I also feel like it’s important to point out that I truly believe the hiring manager / candidate relationship should not be an adversarial one. Hiring managers want someone who will be great for the role just as much as candidates want a role they love. No one wants a mismatch that’s not going to work out. So we have to help each other out. As hiring manager I have to be transparent about the role, the team, and the process. And candidates can help by providing enough relevant information to help us figure out who would be good to explore that fit with.

The compounding, non-obvious value of doing exceptional work

In Crazy Charlie’s Window Michael Lopp says something that has stuck with me for a couple of weeks now (emphasis mine):

The reason, decades later, I frequently think of this unpaid weekend adventure sifting through a year of garbage, hardware, and knick-knacks is because it is when I discovered the compounding non-obvious value from doing exceptional work.

It’s a great story, well worth reading. Matthew Ström makes this point in a slightly different way in The polish paradox (again, emphasis mine):

The polish paradox is that the highest degrees of craft and quality are in the spaces we can’t see, the places we don’t necessarily look.
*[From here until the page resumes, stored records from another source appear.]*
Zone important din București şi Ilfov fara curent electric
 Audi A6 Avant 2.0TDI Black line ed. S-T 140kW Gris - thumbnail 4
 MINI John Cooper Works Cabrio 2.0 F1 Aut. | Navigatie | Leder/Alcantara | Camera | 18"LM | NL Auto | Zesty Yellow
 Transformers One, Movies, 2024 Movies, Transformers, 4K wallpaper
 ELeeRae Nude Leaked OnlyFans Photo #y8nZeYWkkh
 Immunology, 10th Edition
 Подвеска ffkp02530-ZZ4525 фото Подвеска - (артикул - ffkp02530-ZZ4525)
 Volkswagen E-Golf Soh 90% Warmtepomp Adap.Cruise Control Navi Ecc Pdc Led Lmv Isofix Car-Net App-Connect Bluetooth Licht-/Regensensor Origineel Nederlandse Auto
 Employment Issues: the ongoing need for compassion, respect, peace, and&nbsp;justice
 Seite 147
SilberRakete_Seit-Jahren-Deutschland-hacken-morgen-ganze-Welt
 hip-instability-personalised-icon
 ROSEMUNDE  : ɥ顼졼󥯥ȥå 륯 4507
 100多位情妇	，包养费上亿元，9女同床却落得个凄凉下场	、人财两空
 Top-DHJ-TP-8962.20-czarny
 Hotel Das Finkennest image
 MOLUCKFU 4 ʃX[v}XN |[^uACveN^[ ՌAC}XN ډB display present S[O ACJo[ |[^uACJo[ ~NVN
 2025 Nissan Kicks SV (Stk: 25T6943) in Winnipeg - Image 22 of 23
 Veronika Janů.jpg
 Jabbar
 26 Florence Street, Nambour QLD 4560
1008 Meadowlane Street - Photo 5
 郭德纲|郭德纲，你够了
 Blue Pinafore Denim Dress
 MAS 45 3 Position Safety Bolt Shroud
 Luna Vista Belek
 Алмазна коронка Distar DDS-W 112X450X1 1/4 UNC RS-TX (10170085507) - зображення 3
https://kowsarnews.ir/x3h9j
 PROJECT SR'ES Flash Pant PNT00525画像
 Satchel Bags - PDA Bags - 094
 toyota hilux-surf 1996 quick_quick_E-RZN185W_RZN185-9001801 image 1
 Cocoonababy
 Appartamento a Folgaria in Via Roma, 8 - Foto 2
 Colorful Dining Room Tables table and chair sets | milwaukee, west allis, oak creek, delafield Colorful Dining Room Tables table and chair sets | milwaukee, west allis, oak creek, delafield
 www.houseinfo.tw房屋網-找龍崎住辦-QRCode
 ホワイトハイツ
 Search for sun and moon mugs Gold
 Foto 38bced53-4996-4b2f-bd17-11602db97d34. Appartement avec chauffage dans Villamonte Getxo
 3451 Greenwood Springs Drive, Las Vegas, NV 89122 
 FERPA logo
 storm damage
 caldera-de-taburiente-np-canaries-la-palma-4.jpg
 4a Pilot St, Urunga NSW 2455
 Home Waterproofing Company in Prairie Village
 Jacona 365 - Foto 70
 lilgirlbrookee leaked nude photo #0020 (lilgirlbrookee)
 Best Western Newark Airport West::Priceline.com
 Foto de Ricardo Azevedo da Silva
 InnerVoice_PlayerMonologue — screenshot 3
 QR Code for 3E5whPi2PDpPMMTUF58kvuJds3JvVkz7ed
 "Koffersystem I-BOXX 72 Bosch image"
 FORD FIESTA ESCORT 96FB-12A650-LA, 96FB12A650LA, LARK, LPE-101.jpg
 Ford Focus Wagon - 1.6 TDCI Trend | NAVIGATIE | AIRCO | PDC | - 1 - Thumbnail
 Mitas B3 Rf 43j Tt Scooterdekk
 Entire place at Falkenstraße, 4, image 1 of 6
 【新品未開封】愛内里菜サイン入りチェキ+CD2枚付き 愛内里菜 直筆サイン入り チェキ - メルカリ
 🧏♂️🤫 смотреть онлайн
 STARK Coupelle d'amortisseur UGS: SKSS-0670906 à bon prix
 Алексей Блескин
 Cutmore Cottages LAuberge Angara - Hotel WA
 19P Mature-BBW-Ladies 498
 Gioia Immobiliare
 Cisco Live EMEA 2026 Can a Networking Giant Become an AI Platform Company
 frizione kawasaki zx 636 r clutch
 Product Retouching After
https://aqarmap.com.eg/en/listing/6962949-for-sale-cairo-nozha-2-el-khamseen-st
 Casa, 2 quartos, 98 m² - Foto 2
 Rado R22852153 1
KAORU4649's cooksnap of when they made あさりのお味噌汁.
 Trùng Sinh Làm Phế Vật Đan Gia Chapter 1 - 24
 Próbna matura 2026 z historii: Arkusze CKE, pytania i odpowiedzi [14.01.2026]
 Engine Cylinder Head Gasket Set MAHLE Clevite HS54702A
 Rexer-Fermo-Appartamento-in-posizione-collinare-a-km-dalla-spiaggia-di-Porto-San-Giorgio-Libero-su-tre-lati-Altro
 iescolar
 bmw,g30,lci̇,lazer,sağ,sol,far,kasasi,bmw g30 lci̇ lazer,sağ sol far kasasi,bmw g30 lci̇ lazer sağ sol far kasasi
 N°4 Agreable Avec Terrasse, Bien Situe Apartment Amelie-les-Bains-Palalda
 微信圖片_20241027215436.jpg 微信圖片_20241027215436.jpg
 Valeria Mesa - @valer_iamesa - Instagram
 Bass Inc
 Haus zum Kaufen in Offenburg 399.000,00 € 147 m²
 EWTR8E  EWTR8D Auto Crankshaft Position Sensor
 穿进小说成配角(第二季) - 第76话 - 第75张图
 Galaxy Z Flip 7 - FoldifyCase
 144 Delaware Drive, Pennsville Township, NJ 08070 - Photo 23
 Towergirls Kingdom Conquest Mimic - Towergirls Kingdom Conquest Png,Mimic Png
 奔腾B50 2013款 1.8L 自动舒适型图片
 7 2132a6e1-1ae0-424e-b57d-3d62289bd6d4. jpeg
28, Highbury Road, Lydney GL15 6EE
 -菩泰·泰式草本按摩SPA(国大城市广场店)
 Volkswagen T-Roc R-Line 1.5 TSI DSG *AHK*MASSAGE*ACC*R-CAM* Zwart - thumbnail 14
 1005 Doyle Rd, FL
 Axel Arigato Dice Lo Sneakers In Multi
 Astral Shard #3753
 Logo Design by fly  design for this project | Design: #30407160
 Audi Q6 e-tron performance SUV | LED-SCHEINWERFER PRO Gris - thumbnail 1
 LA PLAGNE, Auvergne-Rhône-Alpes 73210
Polish can’t be an afterthought. It must an integral part of the process, a commitment to excellence from the beginning. The unseen effort to perfect every hidden aspect elevates products from good to great.

Doing good work and getting the details right result in better outcomes, yes. But it’s about more than that. It’s not just about the job, it’s about us. The sense of accomplishment and purpose that comes from doing great work is an intrinsic reward that is life-giving far beyond the confines of our immediate job duties.

Constraints on giving feedback

Will Larson really got me thinking with his advice on the best ways to push your organization to improve. It’s essential work, but “organizations can only absorb so much improvement at a given time before they reject the person providing the feedback.” We have to balance the feedback about how to improve with guidance on how operate within the existing environment:

When I focused on how the environment could change to make my team more successful, I was usually technically correct, but usually didn’t help my team very much. Because work environments change slowly, it benefits your team more to give them feedback about how they can succeed in their current environment than to agree with them about how the current environment does a poor job of supporting them. Agreeing feels empathetic, but frames them as a bystander rather than active participant in their work.